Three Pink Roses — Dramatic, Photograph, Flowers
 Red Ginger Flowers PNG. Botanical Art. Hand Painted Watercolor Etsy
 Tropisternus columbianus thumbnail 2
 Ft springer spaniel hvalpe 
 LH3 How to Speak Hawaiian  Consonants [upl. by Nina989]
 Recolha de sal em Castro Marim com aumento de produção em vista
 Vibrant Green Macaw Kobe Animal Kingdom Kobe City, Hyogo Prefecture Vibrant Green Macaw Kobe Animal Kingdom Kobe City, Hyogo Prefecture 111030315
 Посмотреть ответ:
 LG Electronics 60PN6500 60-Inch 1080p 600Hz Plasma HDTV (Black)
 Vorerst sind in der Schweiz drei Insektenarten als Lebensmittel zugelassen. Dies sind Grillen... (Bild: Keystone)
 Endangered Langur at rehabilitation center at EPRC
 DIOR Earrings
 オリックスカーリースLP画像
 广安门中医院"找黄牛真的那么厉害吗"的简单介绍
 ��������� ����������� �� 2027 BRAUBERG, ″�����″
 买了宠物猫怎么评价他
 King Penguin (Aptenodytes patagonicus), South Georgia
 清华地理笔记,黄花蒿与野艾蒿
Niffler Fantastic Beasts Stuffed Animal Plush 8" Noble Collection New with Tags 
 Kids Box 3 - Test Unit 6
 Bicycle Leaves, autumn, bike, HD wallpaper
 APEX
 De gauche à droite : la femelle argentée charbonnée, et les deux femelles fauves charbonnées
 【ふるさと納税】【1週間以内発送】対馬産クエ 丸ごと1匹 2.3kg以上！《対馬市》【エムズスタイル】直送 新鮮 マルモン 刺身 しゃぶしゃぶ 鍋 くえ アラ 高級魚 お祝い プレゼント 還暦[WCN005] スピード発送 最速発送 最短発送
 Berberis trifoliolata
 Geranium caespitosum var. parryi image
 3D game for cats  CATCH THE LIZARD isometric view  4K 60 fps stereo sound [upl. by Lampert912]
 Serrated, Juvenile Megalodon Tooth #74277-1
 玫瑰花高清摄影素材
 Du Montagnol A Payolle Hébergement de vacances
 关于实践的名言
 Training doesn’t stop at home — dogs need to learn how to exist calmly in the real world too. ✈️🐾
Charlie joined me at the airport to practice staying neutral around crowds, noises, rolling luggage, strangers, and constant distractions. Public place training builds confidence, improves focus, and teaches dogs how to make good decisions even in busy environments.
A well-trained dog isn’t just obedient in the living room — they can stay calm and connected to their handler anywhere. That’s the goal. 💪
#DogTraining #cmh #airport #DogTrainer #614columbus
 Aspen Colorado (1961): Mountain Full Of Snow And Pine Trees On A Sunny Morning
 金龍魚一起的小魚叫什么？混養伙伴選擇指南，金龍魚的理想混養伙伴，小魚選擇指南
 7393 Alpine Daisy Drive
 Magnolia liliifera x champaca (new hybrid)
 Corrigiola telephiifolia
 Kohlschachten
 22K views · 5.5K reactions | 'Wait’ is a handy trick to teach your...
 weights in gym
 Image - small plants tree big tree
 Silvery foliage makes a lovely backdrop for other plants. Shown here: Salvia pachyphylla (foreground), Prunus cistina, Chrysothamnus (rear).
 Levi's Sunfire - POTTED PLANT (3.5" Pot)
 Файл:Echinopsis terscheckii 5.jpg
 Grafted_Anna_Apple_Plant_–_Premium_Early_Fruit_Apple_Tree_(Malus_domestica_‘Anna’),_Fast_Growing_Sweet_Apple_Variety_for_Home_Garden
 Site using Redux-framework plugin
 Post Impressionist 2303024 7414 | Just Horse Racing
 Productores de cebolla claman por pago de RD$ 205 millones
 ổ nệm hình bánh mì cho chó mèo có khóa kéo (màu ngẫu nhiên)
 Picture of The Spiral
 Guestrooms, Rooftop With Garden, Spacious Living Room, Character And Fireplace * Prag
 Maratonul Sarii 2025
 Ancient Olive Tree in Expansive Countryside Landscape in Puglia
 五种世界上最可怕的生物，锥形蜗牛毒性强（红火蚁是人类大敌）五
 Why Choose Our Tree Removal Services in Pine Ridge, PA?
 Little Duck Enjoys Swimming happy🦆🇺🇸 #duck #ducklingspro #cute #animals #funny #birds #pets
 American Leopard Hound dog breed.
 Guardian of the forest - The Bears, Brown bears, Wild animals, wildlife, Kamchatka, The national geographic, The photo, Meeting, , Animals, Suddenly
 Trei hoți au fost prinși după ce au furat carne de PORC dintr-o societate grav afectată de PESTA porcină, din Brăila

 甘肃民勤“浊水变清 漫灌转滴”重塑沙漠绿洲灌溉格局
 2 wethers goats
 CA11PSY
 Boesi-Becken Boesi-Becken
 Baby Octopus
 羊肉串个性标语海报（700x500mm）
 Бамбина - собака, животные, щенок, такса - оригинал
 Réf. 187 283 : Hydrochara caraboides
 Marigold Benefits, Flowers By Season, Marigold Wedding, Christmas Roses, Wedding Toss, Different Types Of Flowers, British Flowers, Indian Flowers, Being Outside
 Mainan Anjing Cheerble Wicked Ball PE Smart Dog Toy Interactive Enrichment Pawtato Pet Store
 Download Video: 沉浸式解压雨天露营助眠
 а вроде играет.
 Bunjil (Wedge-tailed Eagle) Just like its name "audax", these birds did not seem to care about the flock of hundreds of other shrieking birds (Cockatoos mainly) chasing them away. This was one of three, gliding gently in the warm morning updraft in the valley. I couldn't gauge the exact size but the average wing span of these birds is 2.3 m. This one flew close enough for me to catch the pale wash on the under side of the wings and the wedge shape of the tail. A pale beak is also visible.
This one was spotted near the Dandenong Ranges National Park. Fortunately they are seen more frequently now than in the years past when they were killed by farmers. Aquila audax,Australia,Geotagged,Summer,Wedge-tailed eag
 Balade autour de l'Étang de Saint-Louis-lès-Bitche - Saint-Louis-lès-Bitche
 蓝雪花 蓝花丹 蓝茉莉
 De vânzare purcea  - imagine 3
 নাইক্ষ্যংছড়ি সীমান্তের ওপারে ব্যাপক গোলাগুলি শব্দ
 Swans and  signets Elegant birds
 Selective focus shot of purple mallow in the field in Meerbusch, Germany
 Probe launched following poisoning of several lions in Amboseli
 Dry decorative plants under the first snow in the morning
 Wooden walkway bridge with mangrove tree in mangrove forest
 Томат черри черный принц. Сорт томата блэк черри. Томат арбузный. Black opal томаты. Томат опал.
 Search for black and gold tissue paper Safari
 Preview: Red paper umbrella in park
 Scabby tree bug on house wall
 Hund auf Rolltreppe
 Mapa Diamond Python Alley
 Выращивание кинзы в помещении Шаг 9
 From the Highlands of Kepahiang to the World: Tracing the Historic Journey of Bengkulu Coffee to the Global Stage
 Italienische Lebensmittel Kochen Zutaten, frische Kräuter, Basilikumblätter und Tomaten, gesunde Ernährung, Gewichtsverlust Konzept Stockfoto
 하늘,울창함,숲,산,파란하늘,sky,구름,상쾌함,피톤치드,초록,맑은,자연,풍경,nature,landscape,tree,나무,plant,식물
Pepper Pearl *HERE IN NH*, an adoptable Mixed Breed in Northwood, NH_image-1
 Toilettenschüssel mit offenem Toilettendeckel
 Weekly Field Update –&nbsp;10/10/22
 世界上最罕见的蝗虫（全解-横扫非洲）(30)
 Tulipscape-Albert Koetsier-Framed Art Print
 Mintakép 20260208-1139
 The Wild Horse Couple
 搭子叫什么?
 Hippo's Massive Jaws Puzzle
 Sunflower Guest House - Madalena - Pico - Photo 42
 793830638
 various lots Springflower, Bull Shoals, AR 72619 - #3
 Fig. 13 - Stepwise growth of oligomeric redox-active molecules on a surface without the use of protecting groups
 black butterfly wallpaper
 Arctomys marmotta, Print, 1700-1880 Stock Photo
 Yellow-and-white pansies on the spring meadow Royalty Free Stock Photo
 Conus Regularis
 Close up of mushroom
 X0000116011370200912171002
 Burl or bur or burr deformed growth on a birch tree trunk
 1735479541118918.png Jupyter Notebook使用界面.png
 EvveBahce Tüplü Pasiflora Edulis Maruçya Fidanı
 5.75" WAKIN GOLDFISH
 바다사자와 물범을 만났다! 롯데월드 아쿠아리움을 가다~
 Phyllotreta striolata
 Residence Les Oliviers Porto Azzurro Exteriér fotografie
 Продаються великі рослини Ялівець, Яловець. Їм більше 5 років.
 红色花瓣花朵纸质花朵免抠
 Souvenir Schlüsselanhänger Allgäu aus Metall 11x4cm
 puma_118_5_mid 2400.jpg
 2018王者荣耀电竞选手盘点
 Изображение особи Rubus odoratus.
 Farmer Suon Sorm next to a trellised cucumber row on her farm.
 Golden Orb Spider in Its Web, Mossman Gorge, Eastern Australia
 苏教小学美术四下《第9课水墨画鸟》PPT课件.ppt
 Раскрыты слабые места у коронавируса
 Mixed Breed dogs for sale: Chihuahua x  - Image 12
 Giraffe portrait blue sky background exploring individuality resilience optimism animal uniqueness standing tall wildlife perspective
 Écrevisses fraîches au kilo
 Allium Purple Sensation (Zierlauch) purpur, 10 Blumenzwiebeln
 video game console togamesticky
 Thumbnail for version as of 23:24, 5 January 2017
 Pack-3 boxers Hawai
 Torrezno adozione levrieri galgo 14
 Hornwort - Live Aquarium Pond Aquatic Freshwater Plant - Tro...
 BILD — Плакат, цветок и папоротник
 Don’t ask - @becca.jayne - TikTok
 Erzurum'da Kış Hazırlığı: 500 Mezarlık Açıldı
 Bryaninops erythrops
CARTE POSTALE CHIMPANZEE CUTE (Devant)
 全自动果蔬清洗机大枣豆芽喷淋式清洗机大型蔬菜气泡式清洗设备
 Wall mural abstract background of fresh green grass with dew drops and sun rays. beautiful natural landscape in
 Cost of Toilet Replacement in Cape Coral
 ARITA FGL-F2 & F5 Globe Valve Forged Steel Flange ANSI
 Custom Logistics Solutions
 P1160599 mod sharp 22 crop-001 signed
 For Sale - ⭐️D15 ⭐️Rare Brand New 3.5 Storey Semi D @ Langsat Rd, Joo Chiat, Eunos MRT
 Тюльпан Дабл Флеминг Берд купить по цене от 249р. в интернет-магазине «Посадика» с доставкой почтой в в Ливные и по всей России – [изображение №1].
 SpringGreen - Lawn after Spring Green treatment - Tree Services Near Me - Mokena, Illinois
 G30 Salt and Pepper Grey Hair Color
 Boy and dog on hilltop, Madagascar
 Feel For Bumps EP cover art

================

When the line containing "スピード発送 最速発送 最短発送" is reached, include it and stop. Until then, output each line of the entries exactly as given, starting from the first.

Three Pink Roses — Dramatic, Photograph, Flowers
 Red Ginger Flowers PNG. Botanical Art. Hand Painted Watercolor Etsy
 Tropisternus columbianus thumbnail 2
 Ft springer spaniel hvalpe 
 LH3 How to Speak Hawaiian  Consonants [upl. by Nina989]
 Recolha de sal em Castro Marim com aumento de produção em vista
 Vibrant Green Macaw Kobe Animal Kingdom Kobe City, Hyogo Prefecture Vibrant Green Macaw Kobe Animal Kingdom Kobe City, Hyogo Prefecture 111030315
 Посмотреть ответ:
 LG Electronics 60PN6500 60-Inch 1080p 600Hz Plasma HDTV (Black)
 Vorerst sind in der Schweiz drei Insektenarten als Lebensmittel zugelassen. Dies sind Grillen... (Bild: Keystone)
 Endangered Langur at rehabilitation center at EPRC
 DIOR Earrings
 オリックスカーリースLP画像
 广安门中医院"找黄牛真的那么厉害吗"的简单介绍
 ��������� ����������� �� 2027 BRAUBERG, ″�����″
 买了宠物猫怎么评价他
 King Penguin (Aptenodytes patagonicus), South Georgia
 清华地理笔记,黄花蒿与野艾蒿
Niffler Fantastic Beasts Stuffed Animal Plush 8" Noble Collection New with Tags 
 Kids Box 3 - Test Unit 6
 Bicycle Leaves, autumn, bike, HD wallpaper
 APEX
 De gauche à droite : la femelle argentée charbonnée, et les deux femelles fauves charbonnées
 【ふるさと納税】【1週間以内発送】対馬産クエ 丸ごと1匹 2.3kg以上！《対馬市》【エムズスタイル】直送 新鮮 マルモン 刺身 しゃぶしゃぶ 鍋 くえ アラ 高級魚 お祝い プレゼント 還暦[WCN005] スピード発送 最速発送 最短発送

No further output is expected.